Prisoners sue over alleged breach of privacy
Disclosure of personal information violated charter rights, group says
A group of prisoners at Mission Institution is suing the authorities over an alleged breach of privacy that they claim posed a threat to them.
The 47 prisoners say that from about April to July 2020, employees of the federal medium and minimum security prison posted notices on a food services cart or multiple food services carts containing personal and medical information.
They say the information included their names, fingerprint serial numbers and cell numbers, as well as prescription medications including methadone or suboxone, and any dietary or allergy restrictions.
The notices also said whether the prisoners participated in the prison inmate needle exchange program and were unemployed or suspended from work.
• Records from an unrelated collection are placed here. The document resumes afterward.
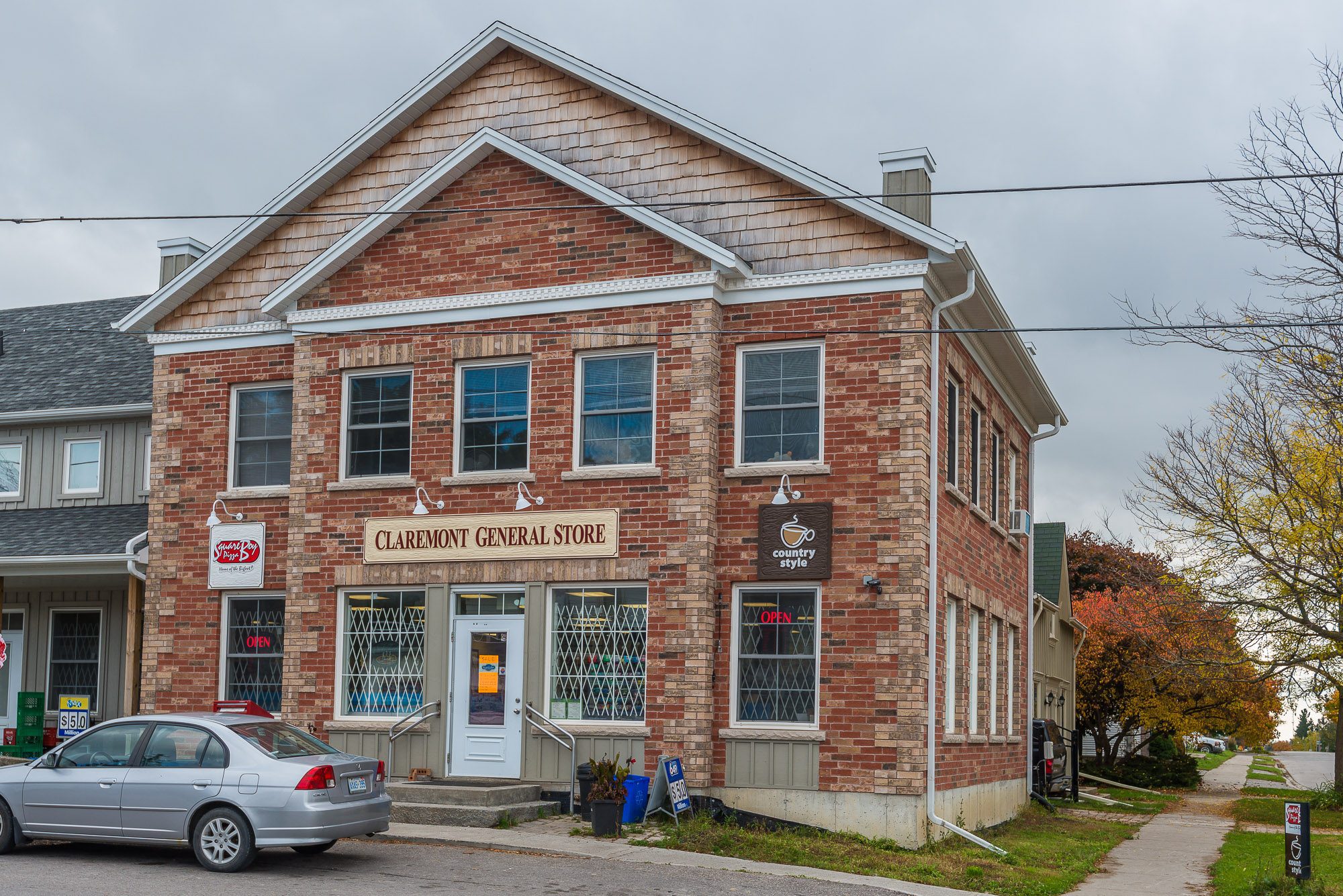 5116 Tom Thomson Court Homes For Sale Claremont Stephen Tar Team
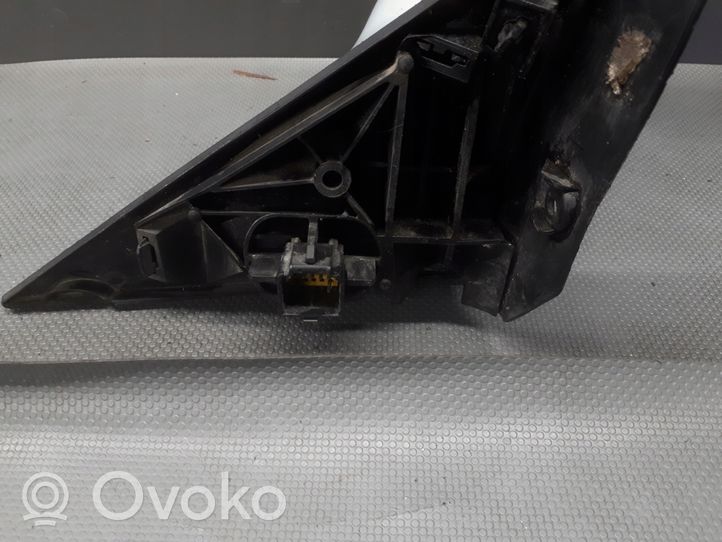 Renault Megane II Etuoven sähköinen sivupeili 11261127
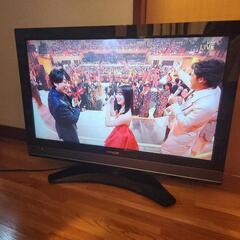 液晶テレビ HITACHI Wooo L32-XP05 HDD内蔵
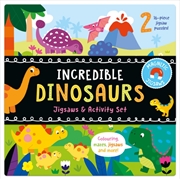 Buy Incredible Dinosaurs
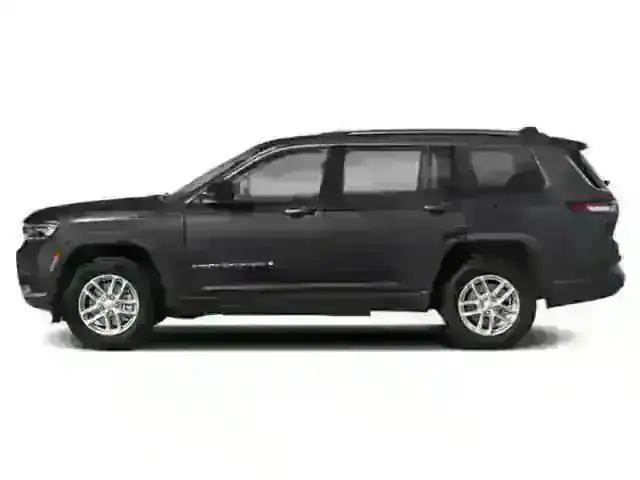 2025 Jeep Grand Cherokee GRAND CHEROKEE L LAREDO 4X4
All of the prison kitchen staff, all prisoner kitchen workers and all correctional staff and prisoners housed in one of the living units in the prison could access and read the information, says the notice of civil claim filed recently in B.C. Supreme Court.
Prescription drugs have significant value and are in high demand for recreational use and trade by many prisoners in federal correctional institutions, including Mission Institution, it says. “The embarrassment, stress and anxiety suffered by the plaintiffs as a result of the disclosure were further aggravated by the fact of their incarceration,” says the lawsuit. “The plaintiffs were acutely aware, and feared, that other inmates who read the notices might attempt to obtain their medication, whether through theft, violence or threat of violence.”
Disclosure of the information violated the prisoners' charter rights to security of the person and correctional authorities have an obligation to protect against such disclosure, says the suit.
The lawsuit says that in mid-August, the prison provided a letter to the prisoners acknowledging there was a breach of personal information and saying that food services personnel had taken corrective action to remove the notices and replace them with notices that do not contain sensitive medical info.
The prisoners are seeking general, special and aggravated damages.
In an email, the correctional service said that it had received the lawsuit and was taking time to review it.